When a woman declares she wants to run for president, the games begin. Hon Martha Karua intends to play it full.
When it comes right down to it, Honourable Martha Karua, the MP for Gichugu constituency likes to keep it simple.
Her philosophy, it seems, is what you see is what you get. She will not wear foundation for instance, and brings her
own small box with the barest essentials of make up and instructs our makeup artist on how to use those. “I want
people to know that how I look in this magazine is how I look every day. I do not want to change my look because if
you make me up, then that is not how I will be tomorrow.”
Her practicality is as expected as her sense of humour is surprising, more so when she digs into a Nigerian accent.

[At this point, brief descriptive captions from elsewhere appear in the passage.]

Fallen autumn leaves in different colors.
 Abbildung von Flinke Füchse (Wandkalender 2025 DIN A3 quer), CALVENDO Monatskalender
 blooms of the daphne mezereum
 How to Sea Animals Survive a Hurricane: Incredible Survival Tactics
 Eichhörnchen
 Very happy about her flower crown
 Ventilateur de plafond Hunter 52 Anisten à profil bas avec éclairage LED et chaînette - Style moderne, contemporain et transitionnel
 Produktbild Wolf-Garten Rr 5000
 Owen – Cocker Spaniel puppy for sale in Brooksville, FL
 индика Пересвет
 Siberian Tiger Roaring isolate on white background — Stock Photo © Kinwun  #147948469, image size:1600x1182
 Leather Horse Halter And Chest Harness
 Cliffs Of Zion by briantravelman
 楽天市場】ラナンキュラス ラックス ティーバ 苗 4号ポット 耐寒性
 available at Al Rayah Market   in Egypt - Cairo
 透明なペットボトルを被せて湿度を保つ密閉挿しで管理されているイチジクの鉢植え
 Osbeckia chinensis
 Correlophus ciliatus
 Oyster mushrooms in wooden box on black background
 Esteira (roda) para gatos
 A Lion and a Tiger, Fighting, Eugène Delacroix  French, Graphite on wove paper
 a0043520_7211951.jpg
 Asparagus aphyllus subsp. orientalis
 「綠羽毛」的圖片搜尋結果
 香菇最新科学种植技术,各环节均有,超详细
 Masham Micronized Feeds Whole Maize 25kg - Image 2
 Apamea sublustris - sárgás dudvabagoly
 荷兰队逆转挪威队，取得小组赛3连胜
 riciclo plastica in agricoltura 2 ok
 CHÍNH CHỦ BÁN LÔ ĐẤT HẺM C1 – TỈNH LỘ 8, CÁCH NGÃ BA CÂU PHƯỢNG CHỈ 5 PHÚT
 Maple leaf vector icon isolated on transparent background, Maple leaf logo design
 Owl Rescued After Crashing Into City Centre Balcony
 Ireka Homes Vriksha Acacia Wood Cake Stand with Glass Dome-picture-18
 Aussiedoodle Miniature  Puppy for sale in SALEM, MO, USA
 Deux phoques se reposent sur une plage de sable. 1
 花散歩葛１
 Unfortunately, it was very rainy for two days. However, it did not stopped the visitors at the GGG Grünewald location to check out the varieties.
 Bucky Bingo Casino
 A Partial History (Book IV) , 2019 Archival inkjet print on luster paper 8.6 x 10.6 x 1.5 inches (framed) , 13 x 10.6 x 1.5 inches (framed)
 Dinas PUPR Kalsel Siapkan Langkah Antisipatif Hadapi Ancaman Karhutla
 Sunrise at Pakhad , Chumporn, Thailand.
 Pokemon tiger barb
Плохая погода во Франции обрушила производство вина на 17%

And when she smiles just so, you can see a small dimple on her right cheek. “Incorporate the dimple,” she jokingly tells our photographer. Quite interesting considering that this is the same woman who has been referred to as Africa’s Iron Lady.
DRUM: First things first, who does your nails and have you ever considered any other colour other than red?
MK: It is done by a woman called Njeri in town. I do it at the same time as I do my hair which is usually once a week. I have tried pink, but red is a colour that blends with everything and anything that I wear. I am a conservative person so red it is.
DRUM: You have talked about vying for president in 2012. What is it that you will bring to the table?
MK: To begin with there would be discipline. For a country it would always be tricky. Do not have exemptions to a certain category of people. Let the law apply to everyone equally. There are no consequences, it is quite clear in Kenya the law applies differently, depending on who you are. That is what has bred impunity, which incidentally is the opposite of rule of law. If you fix the problem of governance because rule of law affects that, you kind of solve half or more of the problems.
It is time that in this country we lean towards politics of issues and not of personalities so that you are not assessing a candidates worth. Money does not lead. It is individuals and parties who lead. Look at the abilities of the team leader because by seeking the highest office, all that one is doing, is saying I would like to be team leader. Do I have that capability? Look at what I have done in the past. I think I have done that not just in water, but in justice.
DRUM: You have been called the Iron Lady of Arica, the only man in Kibaki’s parliament and half the voters are women. Do you feel that you resonate with them?
You ask if I resonate with women? Actually if truth were to be told women are the toughest species on earth even those who are not vocal or do not express themselves publicly. You cannot doubt their inner strength. Bringing up and nurturing children from zero to being on their own, it is only leaders who can do that. I can assure you women are tough. It is just that it has never been recognised. The success of the home is wholly attributed to them. Asking whether I resonate with women because I am strong means that I do, because I am just a woman.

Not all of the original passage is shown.